+++ EXERCISE DATA

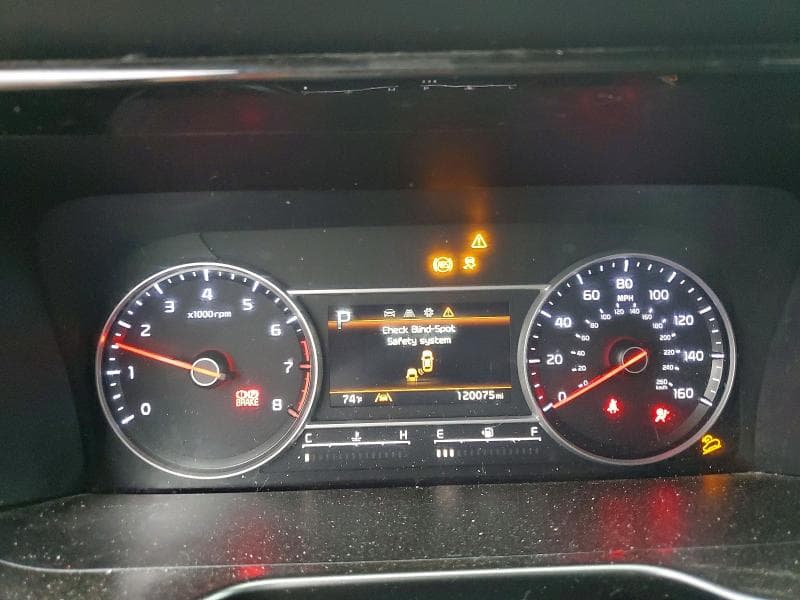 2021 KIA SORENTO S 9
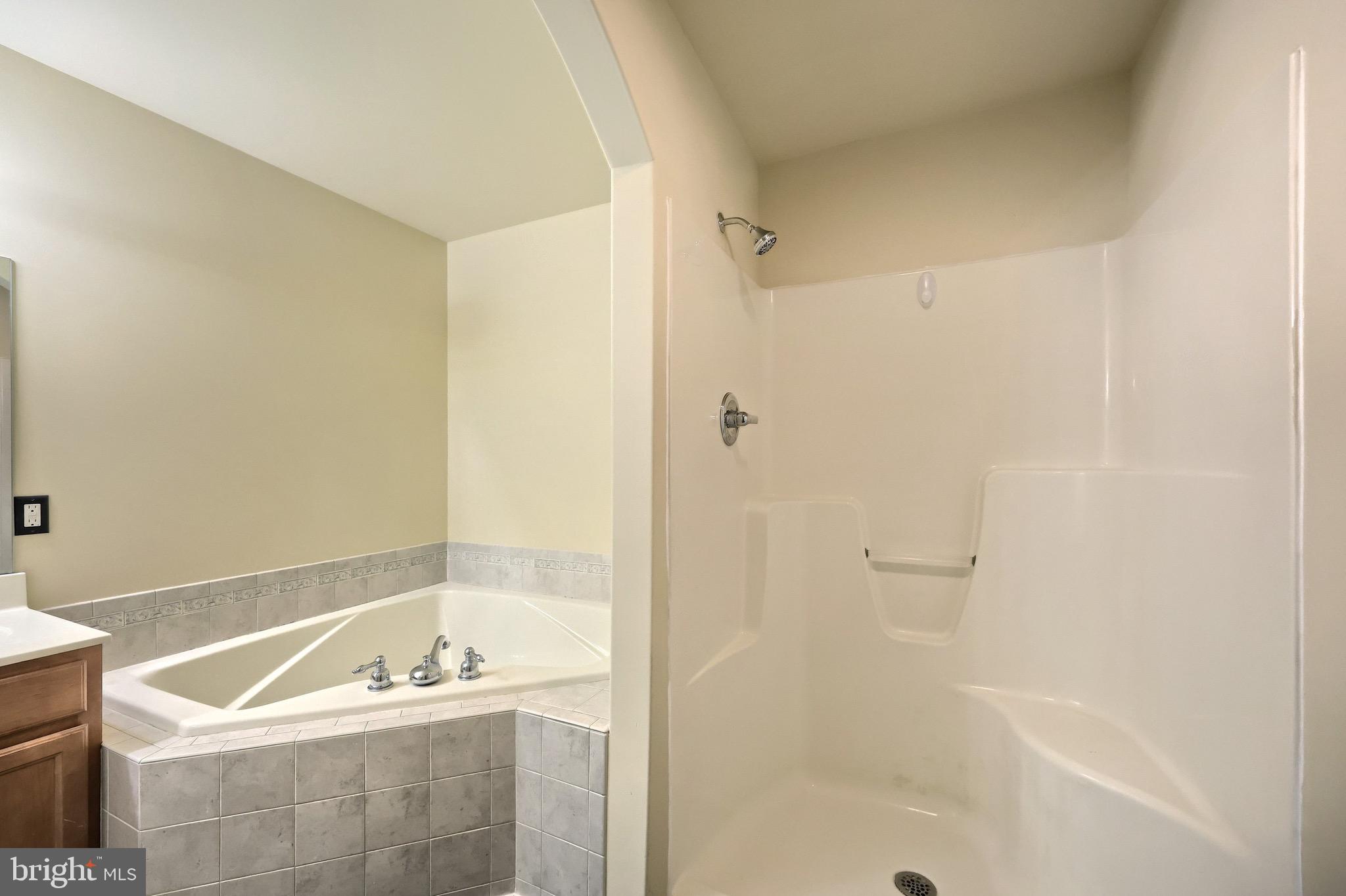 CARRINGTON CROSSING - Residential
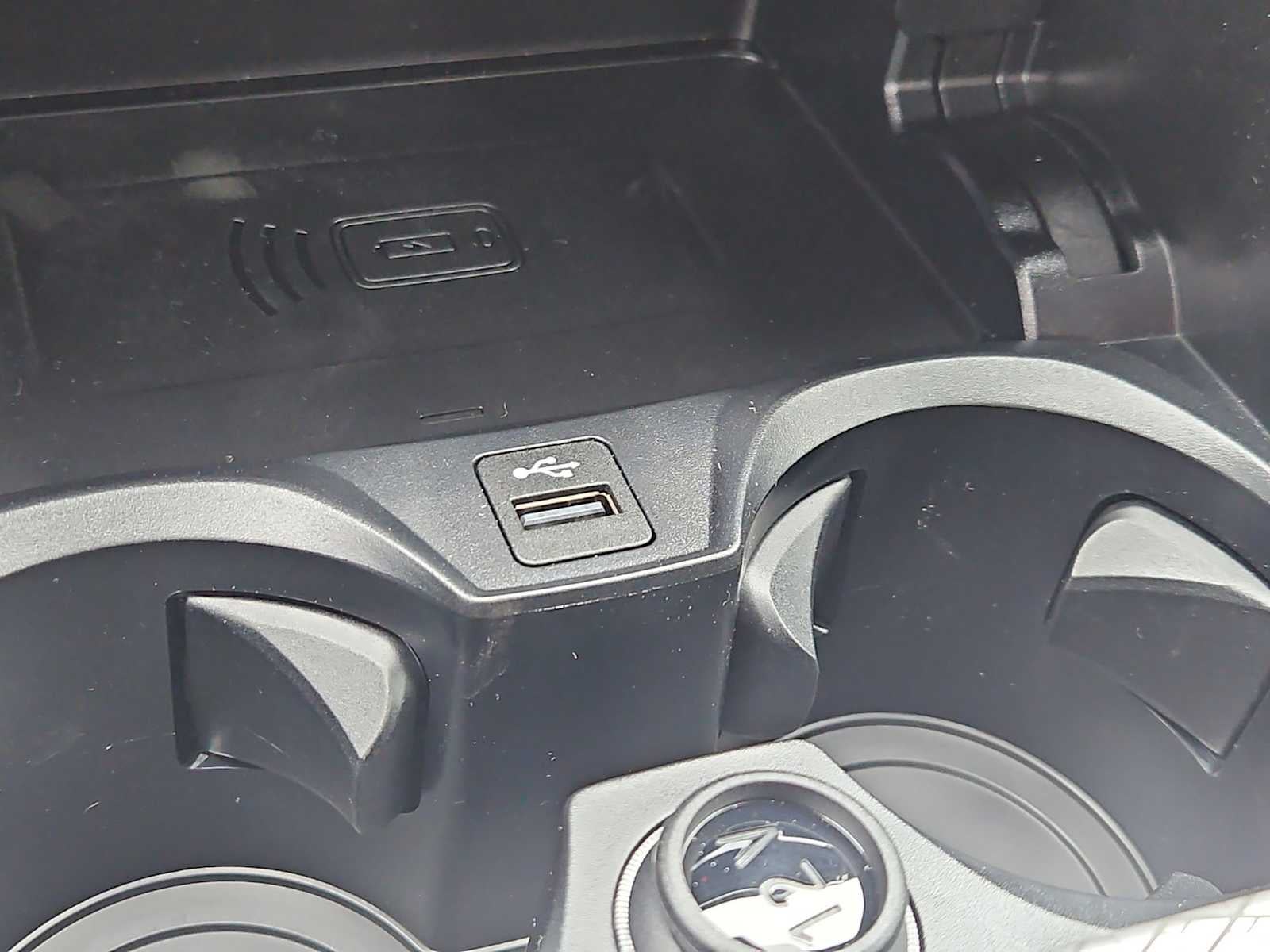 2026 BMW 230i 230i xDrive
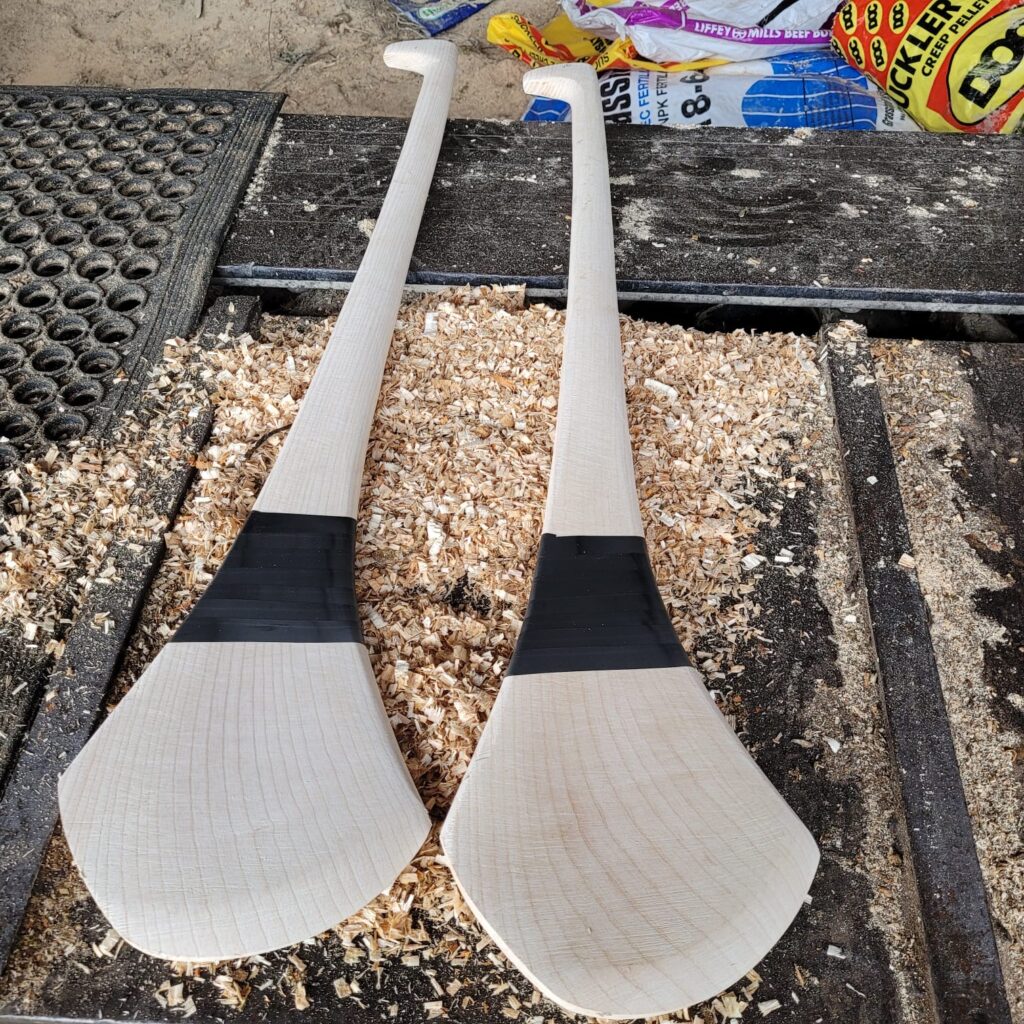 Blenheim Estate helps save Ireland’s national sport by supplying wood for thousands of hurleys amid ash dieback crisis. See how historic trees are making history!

++++++
+++ EXERCISE DATA

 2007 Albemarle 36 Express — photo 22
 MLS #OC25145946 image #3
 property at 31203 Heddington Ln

++++++
+++ EXERCISE DATA

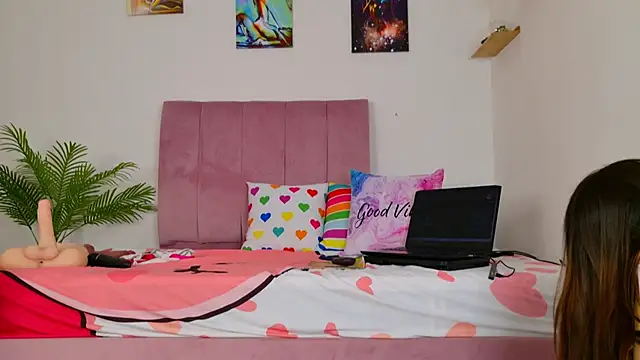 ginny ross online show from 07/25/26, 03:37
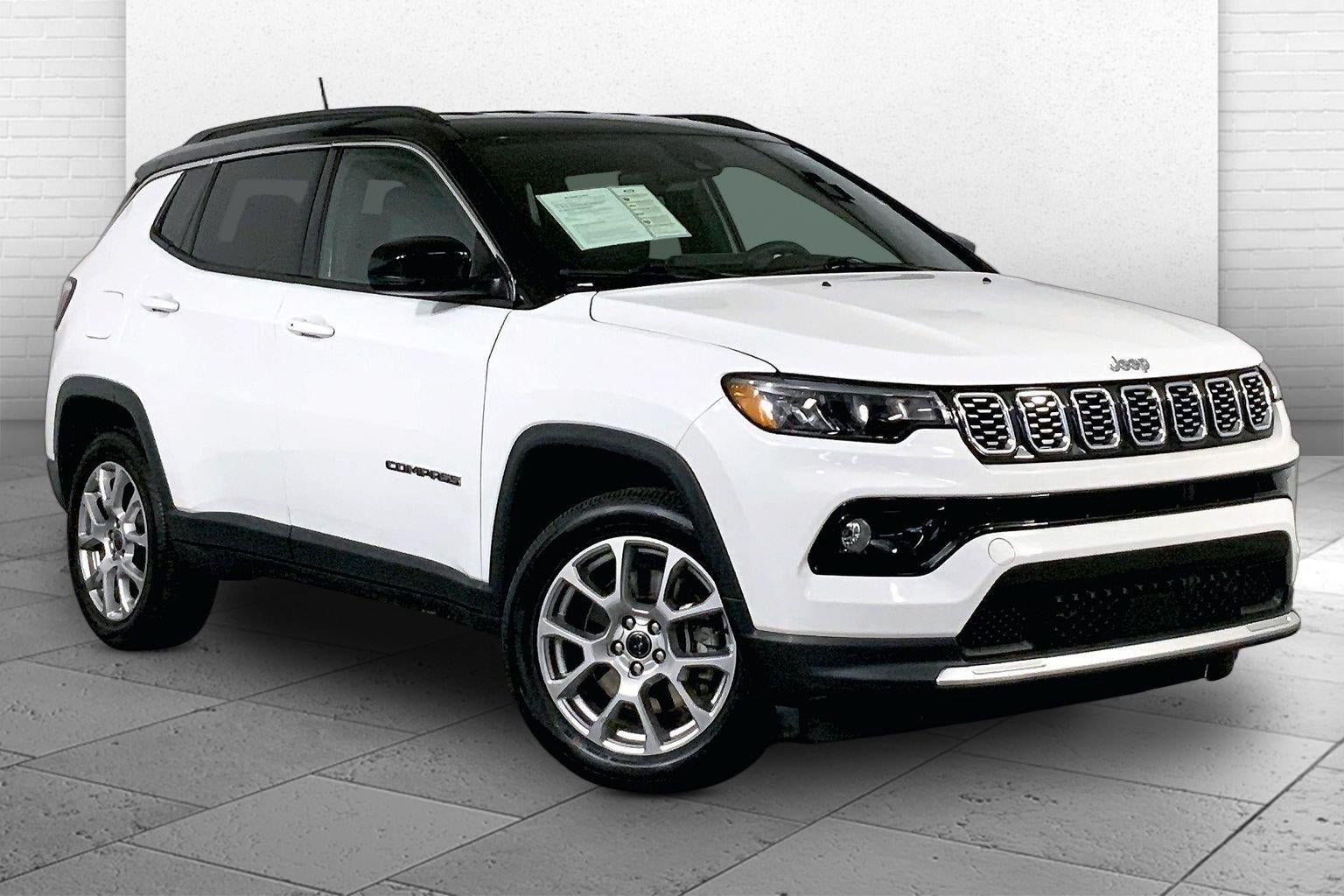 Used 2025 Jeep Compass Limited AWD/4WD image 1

++++++

## [AIM OF THE TASK]
Reproduce, word for word, everything in the listing above from the line containing "2021 KIA SORENTO S 9" down to the line containing "Blenheim Estate helps", both of them included. No pictures.

## [YOUR RESPONSE]
 2021 KIA SORENTO S 9
 CARRINGTON CROSSING - Residential
 2026 BMW 230i 230i xDrive
 Blenheim Estate helps save Ireland’s national sport by supplying wood for thousands of hurleys amid ash dieback crisis. See how historic trees are making history!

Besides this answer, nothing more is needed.